Scraped caption text data
************

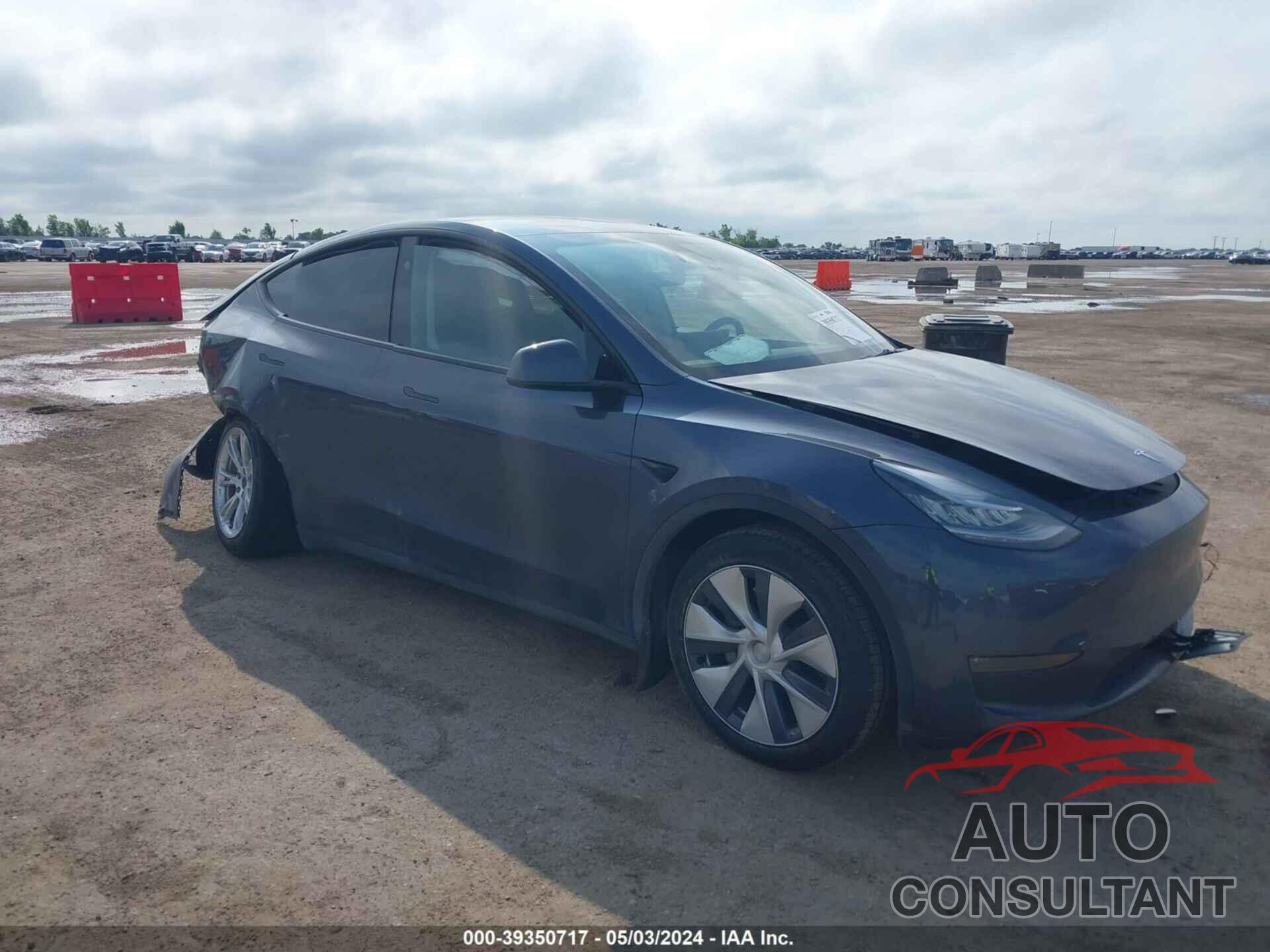 TESLA MODEL Y 2023 - 7SAYGDEEXPA146590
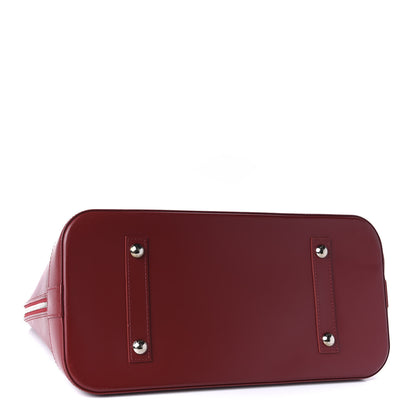 Louis Vuitton Epi Alma GM Rubis 4 of 10
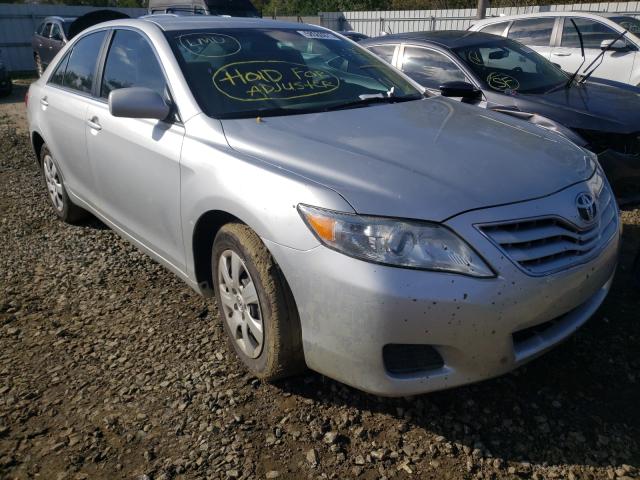 TOYOTA CAMRY BASE 2010 4t1bf3ek7au035675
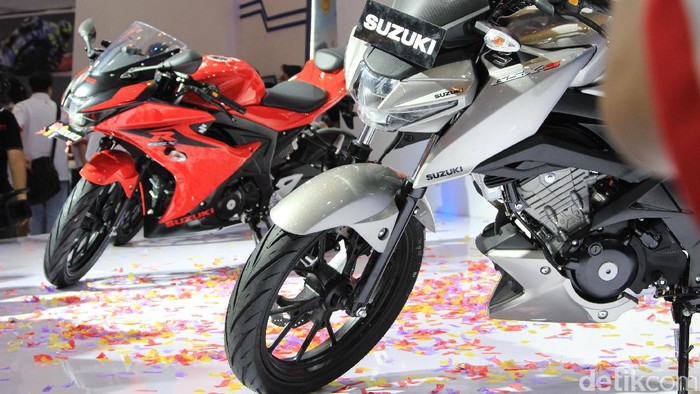 Suzuki Tidak Serius Jejaki Pasar Indonesia? Ini Jawaban Suzuki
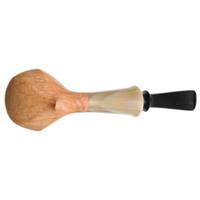 J. Mouton Smooth Natural Sphinx with Horn (Chantilly)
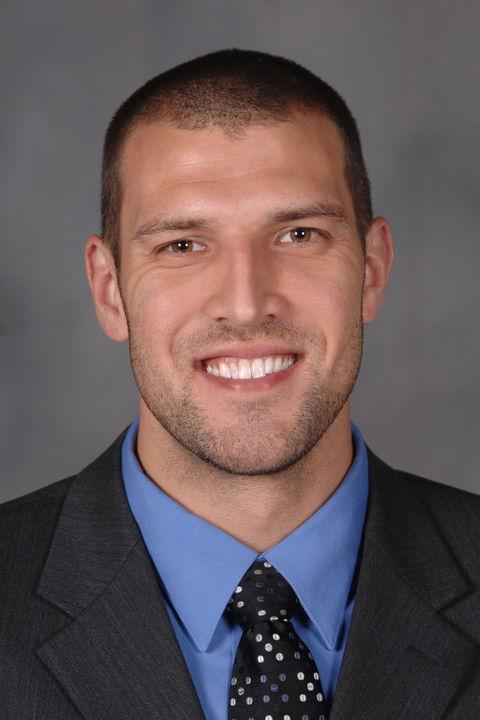 Michael Kavulic: Assistant Vice President for Research Administration 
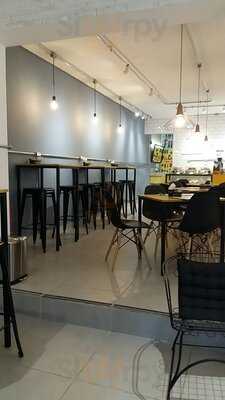 Abstrato Café & Bar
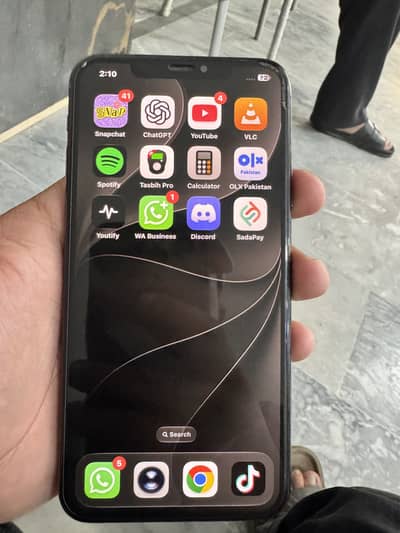 Apple iPhone 11 Pro Max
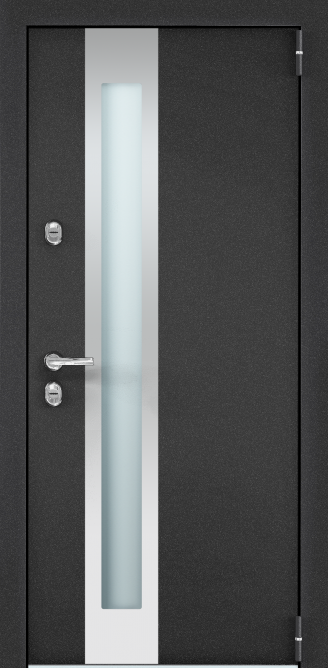 SNEGIR PRO-C MP, Порошково-полимерное покрытие, S60G-30, Темно-серый букле графит в Ростове-на-Дону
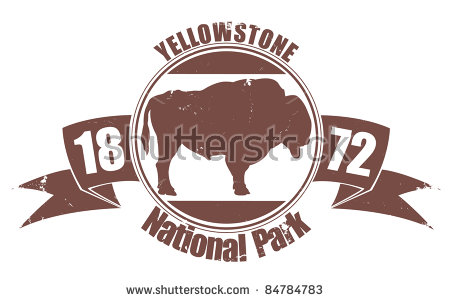 Yellowstone National Park clipart #7, Download drawings
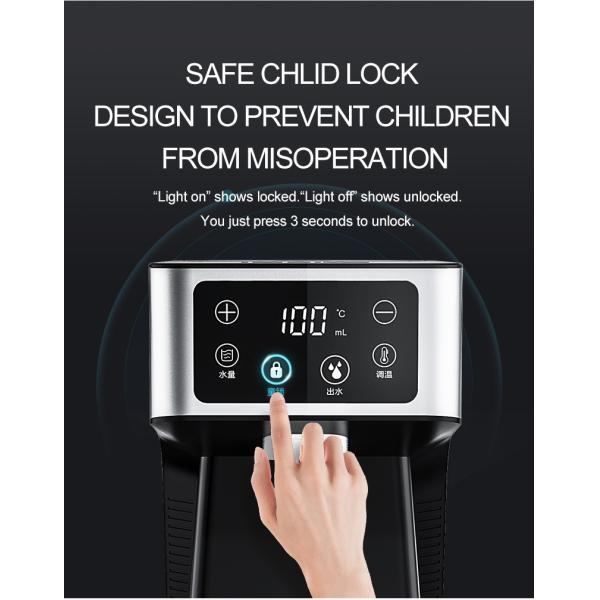 распределитель горячей воды Countertop 50/60Hz, универсальный распределитель горячей воды столешницы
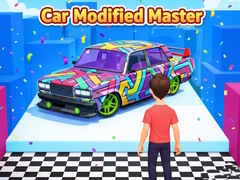 Spēle Car Modified Master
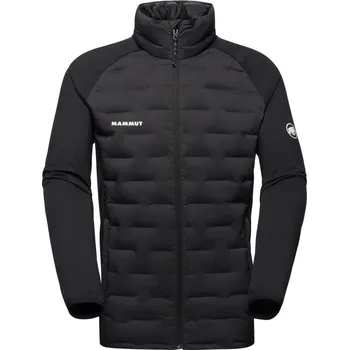 Mammut Mammut Sender IN Hybrid Jacket Men Barva - Velikost: Černá - M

************

▸ WORK TO COMPLETE
For this exercise, write out exactly the lines from the one with "Spēle Car Modified Master" through the last line of the records, inclusive, and leave each picture out.

▸ YOUR RESPONSE
 Spēle Car Modified Master
 Mammut Mammut Sender IN Hybrid Jacket Men Barva - Velikost: Černá - M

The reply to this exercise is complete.